Elizabeth Larson: Candidate profile
Name: Elizabeth Larson
Office sought: Batavia Library trustee
Family: Husband Robin, daughter Ali (age 5), Scotty the dog
Occupation: Job hunting, previously worked at a Corporate Federal Credit Union and in business consulting
Education: BA in Communication Arts and Sciences/History double major from DePauw University (in Indiana), MS in Information and Communication Sciences from Ball State University.
Civic involvement: Friends of the Batavia Public Library board of directors since 2012, Friends Representative to the board of directors of the Batavia Public Library Foundation since 2013, Library Foundation representative to steering committee of Bulldogs Unleashed 2.0 public art project in 2018. Member of the Batavia Mother's Club since fall of 2016: current Philanthropic Chair, 2018 Fox Trot 5K/10K/kids races co-chair
Previous elected offices held: None. This is my first time running for public office
What are the most important issues facing your library district and how do you intend to address them?
In 2018, the board of trustees reached out to the community at large about the Library through the Speak Up! sessions and a Library referendum on the ballot in November. The four Speak Up! Sessions concentrated on the needs of the community to help develop a long-range plan for the Library. In the referendum, voters were asked to approve a 7-cent tax rate increase for library operations, replacing a tax for construction bonds that are about to be paid off. The most important thing to do going forward would be to take the needs that the community laid out and use that information to guide decisions for both the short and the long-term plans for the Library.
Why are you running for office? Is there a particular issue that motivates you? If so, what is it?
I grew up interested in politics, but never made the decision to put myself on the line. In the past few years, I began to wonder if I could make a difference or be the person to step up. While my individual voice may not change the world, it could help my community. After 7 years of stepping up onto the Board of the Friends of the Library, 6 years as the Friends liaison to the Library Foundation, working on the steering committee to a joint venture between the Library, Parks, and Schools that raised over $70K for the foundations, and in my third year volunteering with the local Mothers' Club, I know that I can help make a difference, small and large. I want to run to be that difference. I want to step forward and do my part. Decisions are made by those who show up and now is my time to show up.
If you are an incumbent, describe your main contributions. Tell us of important initiatives you've led. If you are a non-incumbent, tell us what contributions you would make.

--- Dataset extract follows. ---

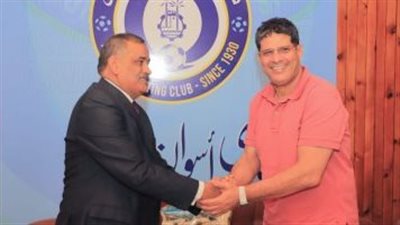 رئيس أسوان: بلحاج انتقل إلى الزمالك بموافقة أيمن الرمادي.. وهذه حقيقة رحيل المدرب إلى العراق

I have a life long love of reading and books. This love of reading was always encouraged by the library, which let me take armfuls of books home, along with providing things like the summer reading program that encouraged reading as fun. So to be able to use my time and talents in trying to help continuously improve the Library's services for the benefit of the community would be a wonderful opportunity to "give back" to the Library and to all those who enjoy these resources.
Do you have a library card? How long have you had it? How often do you use it?

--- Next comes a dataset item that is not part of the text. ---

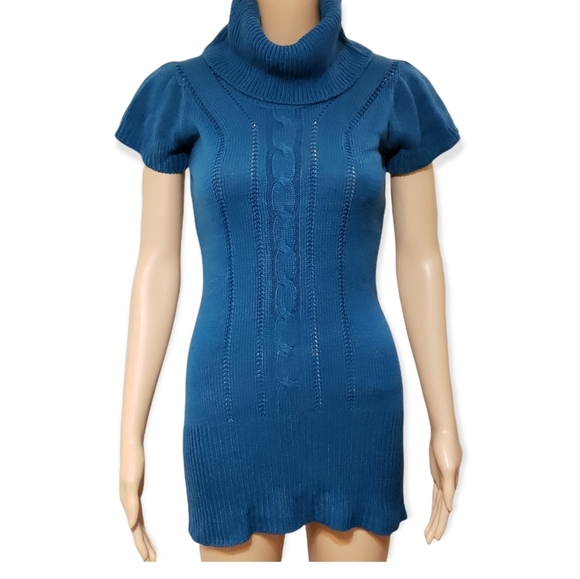 Gold Drama {CABLE KNIT DRESS} - Picture 1 of 9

I have held my own library card for as long as I can remember. The library has always held a fun place in my life.
I got my Batavia Public Library card shortly after we moved to Batavia. My in-person library usage increased after my daughter was born. We enjoy going to youth services events and checking out books together.
What impact have economic and technological changes had on libraries? How does a library remain relevant? How should its role in the community change?
As technology changes and updates, the Library needs to keep up with the changes in order to reach the needs of the community. This updating, however, does not mean that Libraries have become irrelevant.
The main thing that Libraries can and have provided in changing times is access and space. Libraries provide: access to information/books/electronic books/media/video games; access to internet for those who do not have access at home; access to specialty databases/journals/newspapers that are not open to individuals; access to free lectures and classes on how to use technology and research, music events, story times, storybook character visits, and family events in youth services; access to trained personal to help sort through all the information out there to figure out exactly what is needed (I have never found a question that a Librarian could not answer with time to research); and access to space for the community (rooms to use for other nonprofits/organizations as meeting spaces, tutoring spaces, places to study and/or read quietly, place for kids to play). Libraries reflect and support their communities and can help users sort through all the information out there to find exactly what they need.